RECORDS FOR THIS EXERCISE >>
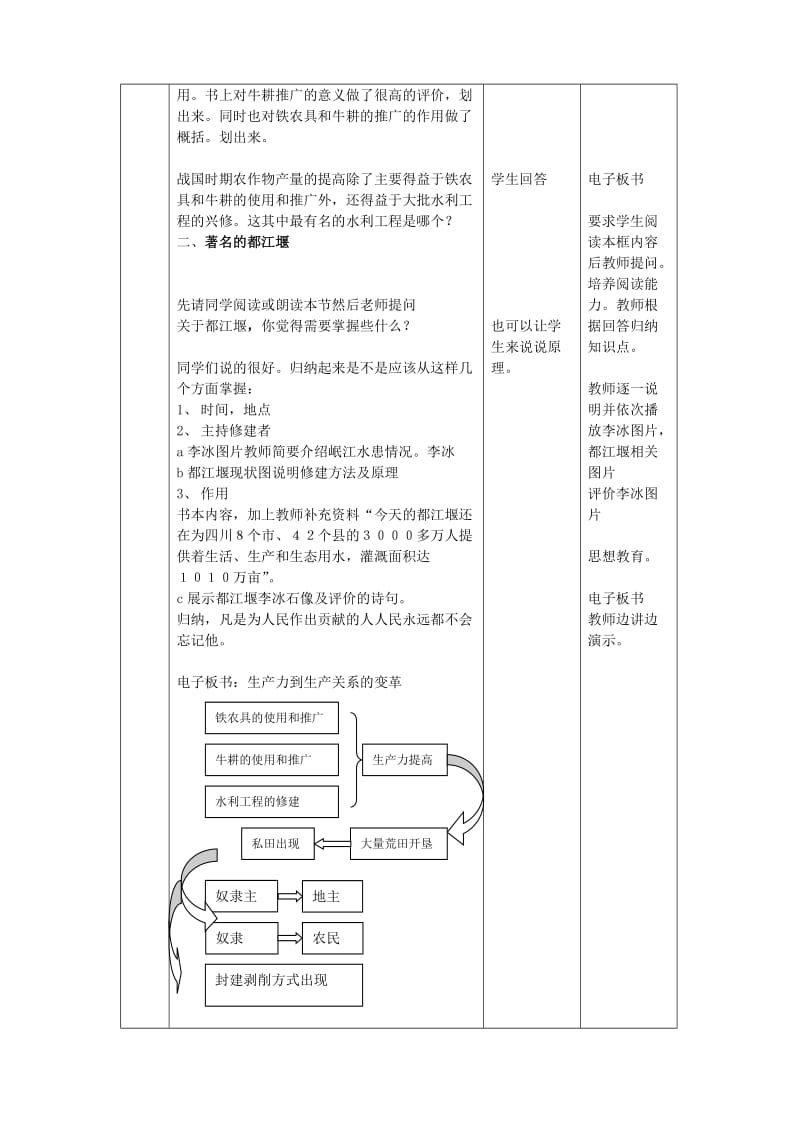 2019-2020年七年级历史第7课大变革的时代教学设计 新课标 人教版.doc_第3页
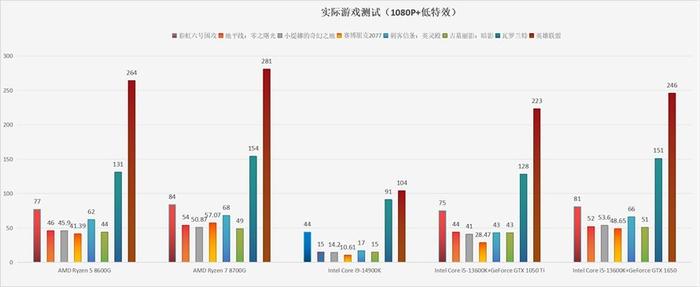 760m以及radeon 780m相比較兩塊獨立顯卡反而更加出色,畢竟無論是gtx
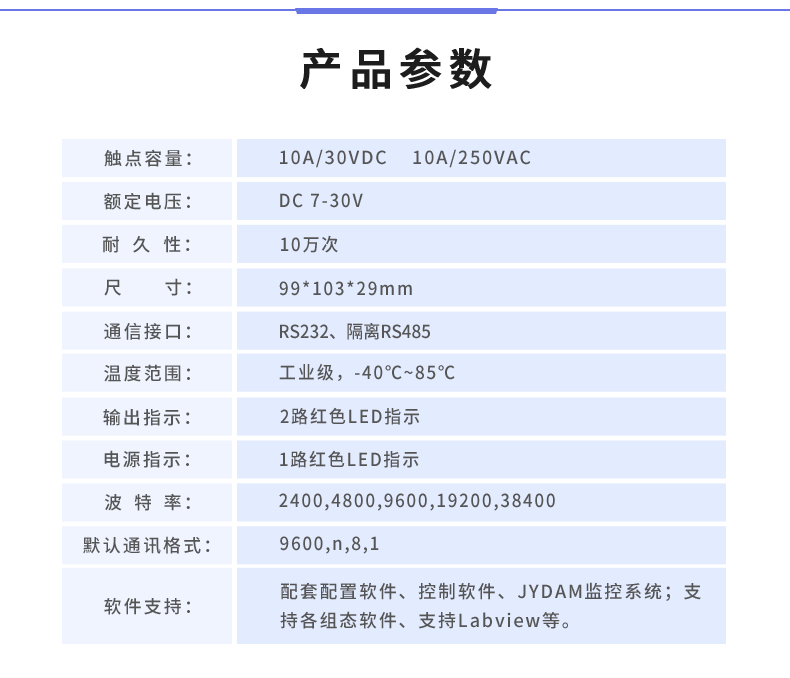 DAM-T2222-MT 工業(yè)級數(shù)采控制器產(chǎn)品參數(shù)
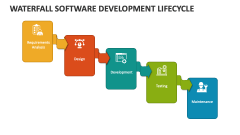 Waterfall Software Development Lifecycle - Slide 1
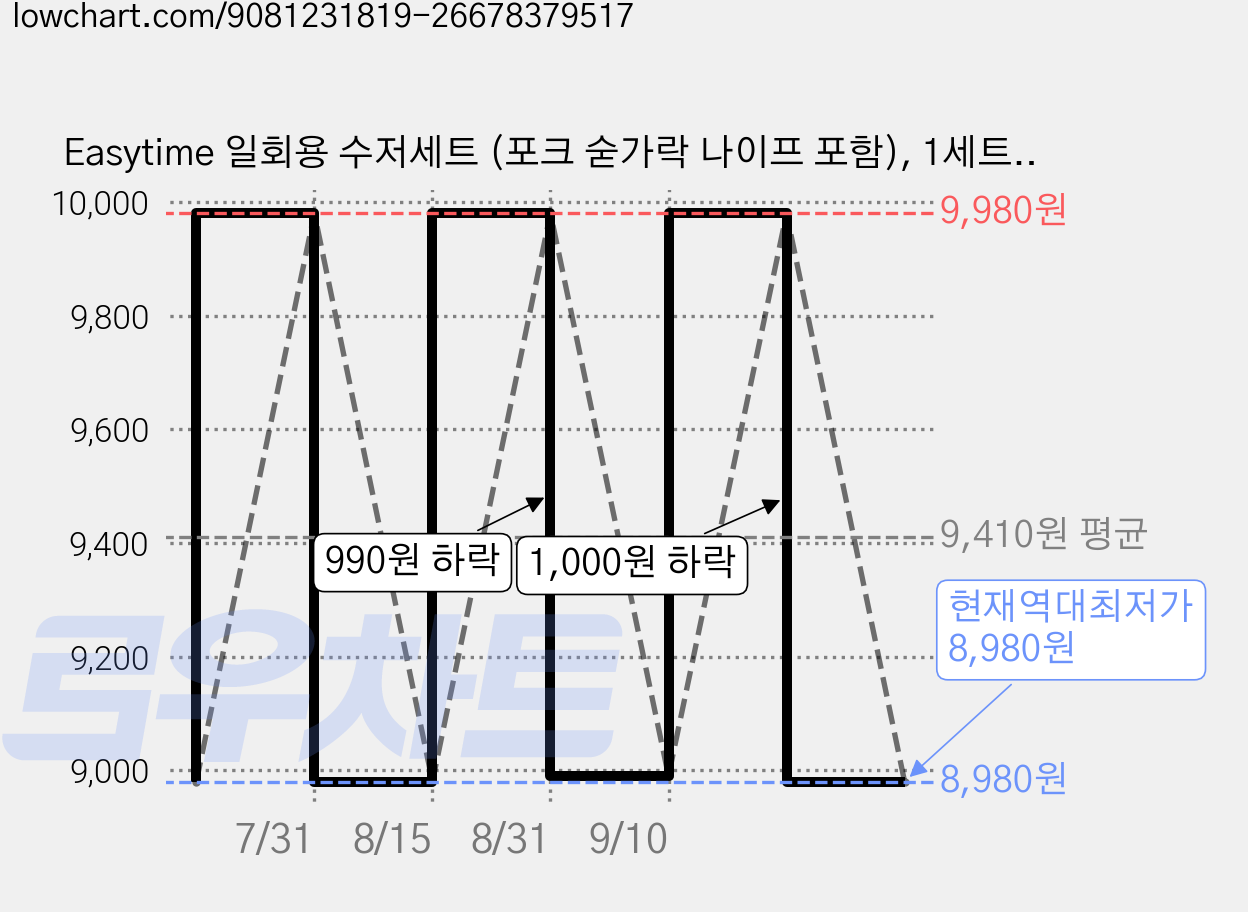 Easytime 일회용 수저세트 (포크 숟가락 나이프 포함), 1세트, 20개 가격 변동 차트, 현재가 8,980원, 역대최저가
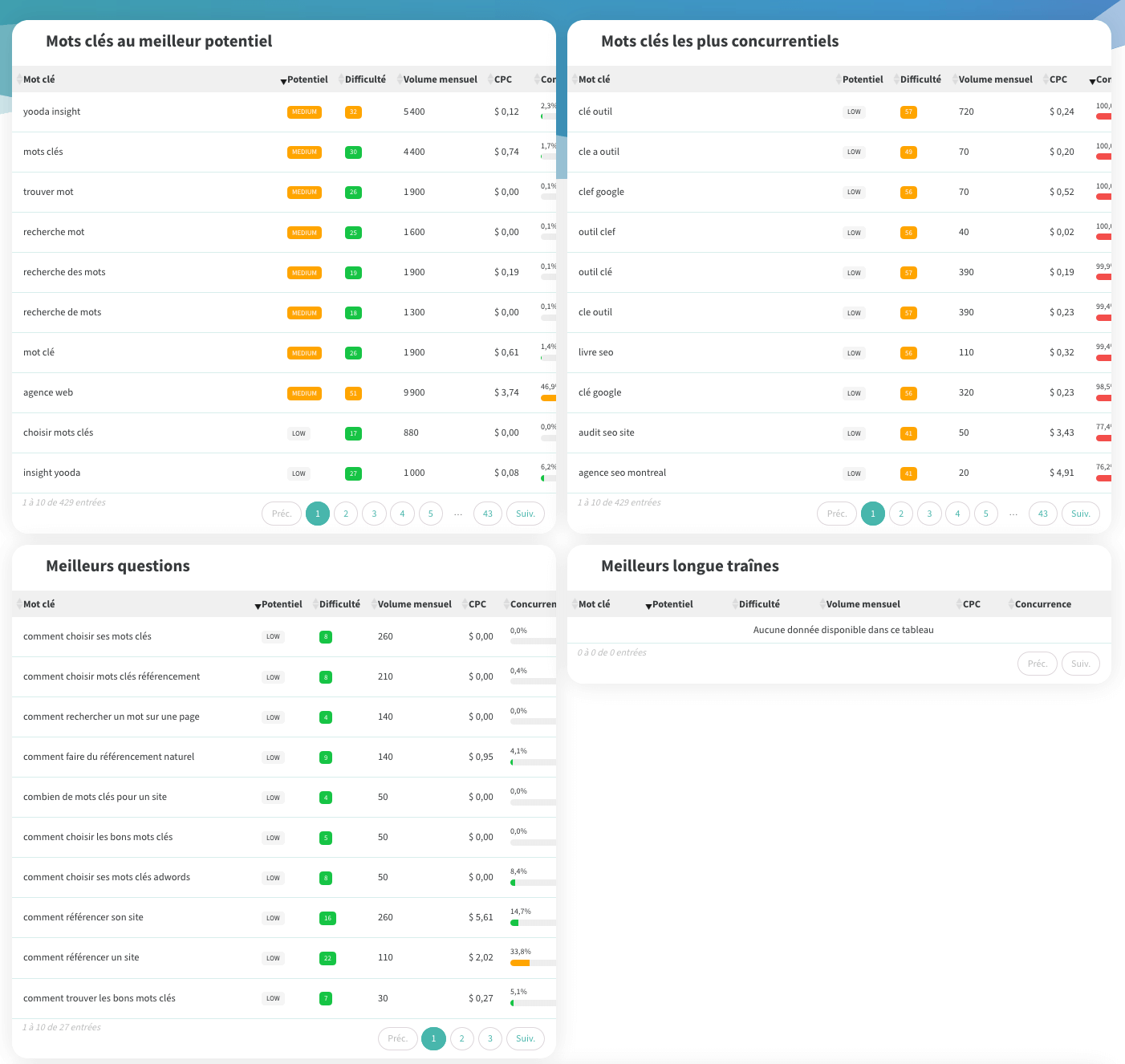 COCOLYZE résultats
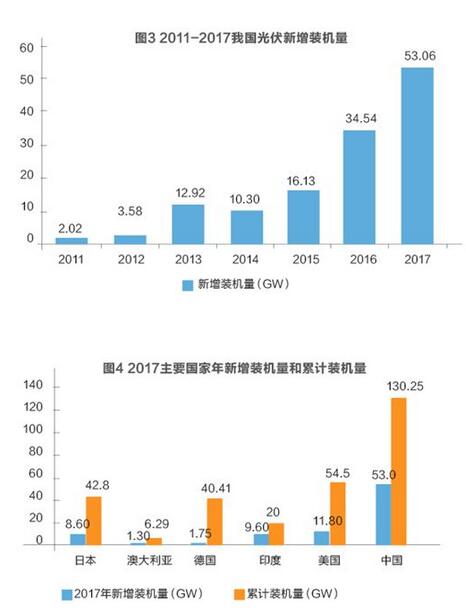 美對(duì)華貿(mào)易戰(zhàn)火在即 光伏能否擺脫“修昔底德陷阱”？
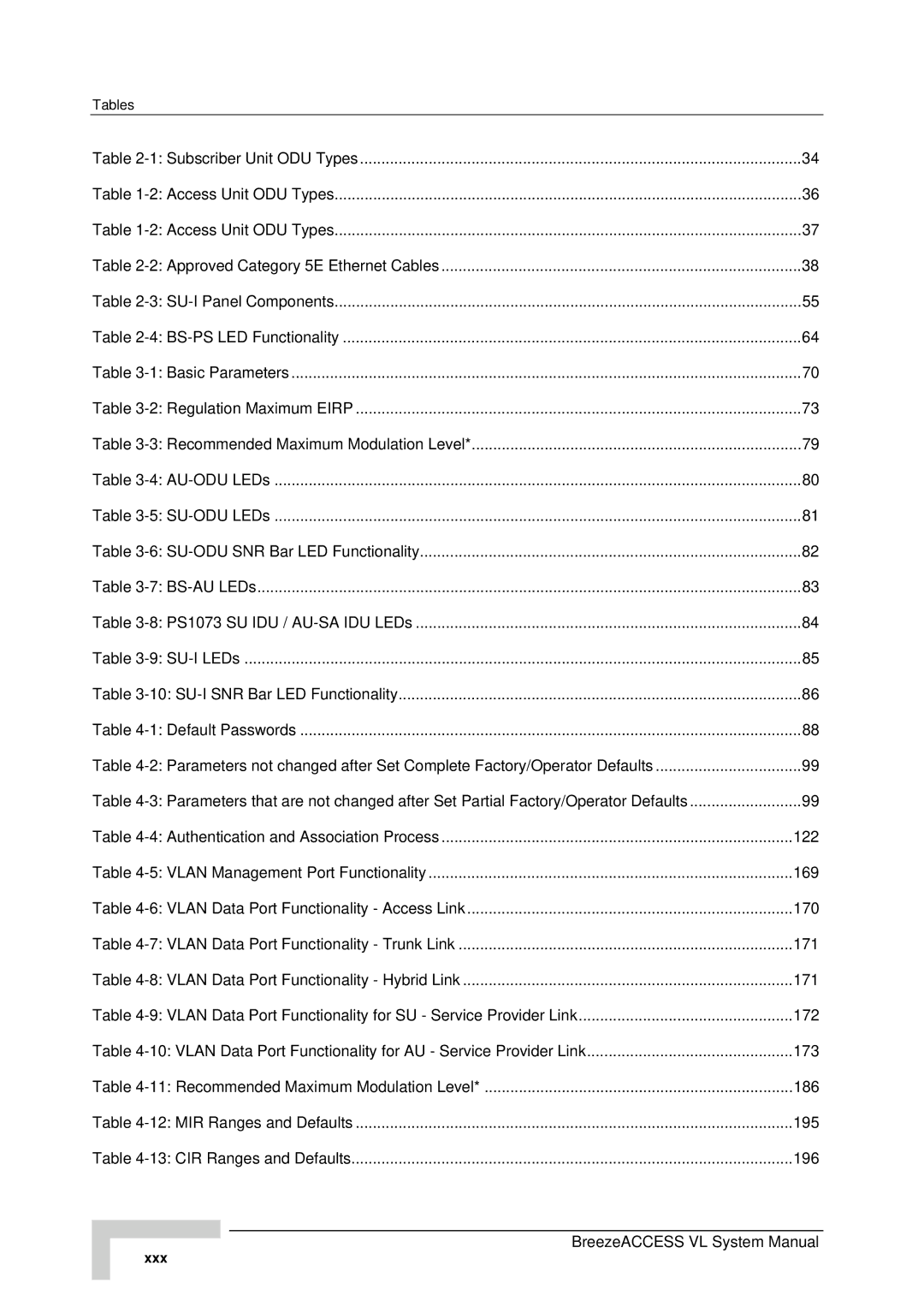 Alvarion SW VERSION 5.1 system manual 122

EXERCISE AIM >> What is needed is a word-for-word copy of the records above, excluding pictures.

TASK OUTPUT >>
 2019-2020年七年级历史第7课大变革的时代教学设计 新课标 人教版.doc_第3页
 760m以及radeon 780m相比較兩塊獨立顯卡反而更加出色,畢竟無論是gtx
 DAM-T2222-MT 工業(yè)級數(shù)采控制器產(chǎn)品參數(shù)
 Waterfall Software Development Lifecycle - Slide 1
 Easytime 일회용 수저세트 (포크 숟가락 나이프 포함), 1세트, 20개 가격 변동 차트, 현재가 8,980원, 역대최저가
 COCOLYZE résultats
 美對(duì)華貿(mào)易戰(zhàn)火在即 光伏能否擺脫“修昔底德陷阱”？
 Alvarion SW VERSION 5.1 system manual 122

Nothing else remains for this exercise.